Similarly, in the instant case, the Complaint alleges the Fifth Avenue Defendants conspired with St. Elizabeth Hospital by refusing to cover Dr. Gentile's emergency call schedule, resulting in the forced resignation of Dr. Gentile's medical staff privileges at the hospital. Well established Sixth Circuit case law holds that a hospital and its medical staff cannot combine together for purposes of antitrust violation. See Nurse Midwifery, 918 F.2d at 607-14; see also Alba v. Marietta Memorial Hospital, 202 F.3d 267 (6th Cir. 2000) (unpublished table decision). Consequently, the Complaint fails to allege the conspiracy element of a Section 1 Sherman Act claim.

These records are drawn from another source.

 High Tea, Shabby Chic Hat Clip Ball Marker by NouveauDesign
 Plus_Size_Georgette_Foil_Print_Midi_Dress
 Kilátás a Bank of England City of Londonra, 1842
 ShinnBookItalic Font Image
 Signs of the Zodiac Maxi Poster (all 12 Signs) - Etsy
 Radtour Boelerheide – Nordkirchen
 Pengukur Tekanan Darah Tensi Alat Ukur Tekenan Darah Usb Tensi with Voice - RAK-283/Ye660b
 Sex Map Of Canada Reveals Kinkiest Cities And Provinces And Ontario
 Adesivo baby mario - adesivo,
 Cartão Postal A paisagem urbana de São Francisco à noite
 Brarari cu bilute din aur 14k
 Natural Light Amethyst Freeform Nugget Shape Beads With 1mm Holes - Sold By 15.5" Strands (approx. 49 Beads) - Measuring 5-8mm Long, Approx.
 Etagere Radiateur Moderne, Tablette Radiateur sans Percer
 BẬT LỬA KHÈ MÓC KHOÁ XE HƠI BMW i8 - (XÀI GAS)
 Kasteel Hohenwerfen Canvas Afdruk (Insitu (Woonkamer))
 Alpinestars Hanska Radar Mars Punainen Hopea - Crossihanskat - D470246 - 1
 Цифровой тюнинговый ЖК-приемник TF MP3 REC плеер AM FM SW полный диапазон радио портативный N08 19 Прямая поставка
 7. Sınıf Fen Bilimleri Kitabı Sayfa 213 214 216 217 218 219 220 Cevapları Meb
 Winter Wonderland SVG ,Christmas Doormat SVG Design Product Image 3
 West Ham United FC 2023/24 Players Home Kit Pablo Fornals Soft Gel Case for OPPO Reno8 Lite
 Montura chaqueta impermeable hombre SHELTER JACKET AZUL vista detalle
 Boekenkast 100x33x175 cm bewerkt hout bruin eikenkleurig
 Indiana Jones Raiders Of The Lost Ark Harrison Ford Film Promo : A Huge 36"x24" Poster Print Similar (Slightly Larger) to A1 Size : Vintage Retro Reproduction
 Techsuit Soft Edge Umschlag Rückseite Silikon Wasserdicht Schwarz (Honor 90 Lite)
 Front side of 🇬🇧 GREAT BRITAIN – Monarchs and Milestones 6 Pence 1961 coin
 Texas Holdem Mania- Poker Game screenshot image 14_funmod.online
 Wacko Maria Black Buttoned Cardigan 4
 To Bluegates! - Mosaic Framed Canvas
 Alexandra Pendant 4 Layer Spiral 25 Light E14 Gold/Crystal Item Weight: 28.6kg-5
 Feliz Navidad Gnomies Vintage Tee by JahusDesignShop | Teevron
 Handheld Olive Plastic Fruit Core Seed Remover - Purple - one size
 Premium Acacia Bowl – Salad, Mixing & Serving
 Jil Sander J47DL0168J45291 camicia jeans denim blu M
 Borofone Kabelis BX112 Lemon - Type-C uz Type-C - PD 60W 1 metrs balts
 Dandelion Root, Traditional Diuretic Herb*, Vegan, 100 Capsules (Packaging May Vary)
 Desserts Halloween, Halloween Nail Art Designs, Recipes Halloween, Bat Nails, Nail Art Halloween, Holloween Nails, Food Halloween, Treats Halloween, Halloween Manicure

As discussed supra, the essential elements of a private antitrust claim must be alleged in more than vague and conclusory terms to prevent dismissal for failure to state a claim. See Foundation for Interior Design, 244 F.3d at 530. The instant Complaint states a conclusory allegation of antitrust standing and fails to allege facts demonstrating the initial component of standing — antitrust injury. See Brunswick, 429 U.S. at 489. Moreover, the compliant fails to allege an essential element of both Section 1 and Section 2 antitrust claims: definition of a relevant market. See Cupp, 310 F.Supp. at 963. Finally, the Complaint fails to allege another essential element of a Section 1 claim: antitrust conspiracy. See nurse Midwifery, 918 F.2d at 611. For all these reasons, the Court finds Dr. Gentile's Complaint fails to state a claim for relief under either Section 1 or Section 2 of the Sherman Act. Consequently these claims are dismissed.

B. State Law Claims

The remaining claims in the Complaint assert violations of Ohio law. As the Court has dismissed all federal claims alleged against Defendants, the Court, in its discretion, declines to exercise supplemental jurisdiction over the remaining state law claims asserted in the Complaint. See 28 U.S.C. § 1367(c)(3);see also United Mine Workers of Am. v. Gibbs, 383 U.S. 715, 726 (1966); Taylor v. First of America Bank-Wayne, 973 F.2d 1284, 1287 (6th Cir. 1992). Accordingly, Plaintiffs remaining state law claims are also dismissed.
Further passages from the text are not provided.